A
u départ, il y a un projet un peu fou : rendre hommage au film de Stanley Kubrick d'après Arthur C Clarke en s'inspirant de scènes emblématiques de ce classique absolu qu'est 2001, L'odyssée de l'espace. L'intention de l'auteur tend à lui donner une suite, non pas au sens classique du terme mais plutôt dans une optique thématique. Le scénario regorge de thèmes propices à la réflexion et l'iconographie du film est tellement marquante qu'elle ne demande qu'à être réappropriée. ce sont une grammaire et un vocabulaire inédits qui sont mis à disposition des conteurs.
Ainsi, la première histoire, Le grand ancêtre, revisite la séquence d'ouverture, débutant sur des pré-humains jusqu'à la mythique ellipse qui résume plusieurs centaines de milliers d'années d'évolution d'un os à une station orbitale. Les chapitres suivants racontent chronologiquement l'envol de l'humanité vers les étoiles. Si les épisodes sont généralement indépendants les uns des autres, ils constituent pourtant un tout d'une cohérence parfaite. De chapitre en chapitre, une épopée se dessine sous les yeux du lecteur, qui assiste à la lente émancipation de l'Humanité de sa planète d'origine. Si le niveau est parfois inégal, les moments de grâce compensent infiniment quelques segments plus dispensables. Et si le lien avec le long métrage et le roman de 1968 semble parfois ténu, la filiation reste malgré tout évidente dans l'esprit.
2001 Nights Stories représente une œuvre indubitablement à part dans l'histoire du manga. Ce projet mélange un approche de la science-fiction spéculative très crédible avec un ton qui oscille entre questionnement philosophique et mélancolie. Les interrogations peuvent parfois sembler naïves et teintées d'une foi dans l'avenir qui n'est plus trop de mise ces dernières décennies. Elles n'en sont pas désuètes pour autant. La narration est volontiers lente, presque contemplative. Cette impression est renforcée par une édition en grand format. Les planches apparaissent dans toute leur majesté. Les cadrages époustouflants ramènent l'Humanité à sa juste place dans l'univers : celui d'un grain de sable qui se jette à corps perdu dans son exploration, quitte à risquer de s'égarer.

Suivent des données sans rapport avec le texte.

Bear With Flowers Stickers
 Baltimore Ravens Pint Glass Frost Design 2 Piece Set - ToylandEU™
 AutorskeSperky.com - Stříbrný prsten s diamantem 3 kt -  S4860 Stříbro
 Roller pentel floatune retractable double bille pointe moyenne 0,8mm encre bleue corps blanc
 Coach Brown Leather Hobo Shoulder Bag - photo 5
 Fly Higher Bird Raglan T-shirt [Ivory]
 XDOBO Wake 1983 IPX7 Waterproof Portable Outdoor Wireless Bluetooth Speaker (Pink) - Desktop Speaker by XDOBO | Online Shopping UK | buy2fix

L'ironie avec les ouvrages dont le titre utilise des dates, c'est que le futur qu'ils envisageaient finit par se situer dans le passé. Big Brother n'a pas déferlé sur le monde en 1984. Le Discovery n'est pas parti vers Jupiter en 2001. Cela ne les rend pas moins pertinents. Ces jalons ne doivent évidemment pas être pris au pied de la lettre. Ils ne font qu'imaginer une certaine version du futur. Et rien ne permet d'indiquer qu'elles soient désormais caduques. Dans ce cas précis, ce paradoxe est encore accentué par le décalage entre le style très réaliste de Yukinobu Hoshino, dans la lignée d'un Otomo, et ceux en vogue actuellement. Visuellement, cette série est indubitablement datée. Cela ajoute encore à son charme.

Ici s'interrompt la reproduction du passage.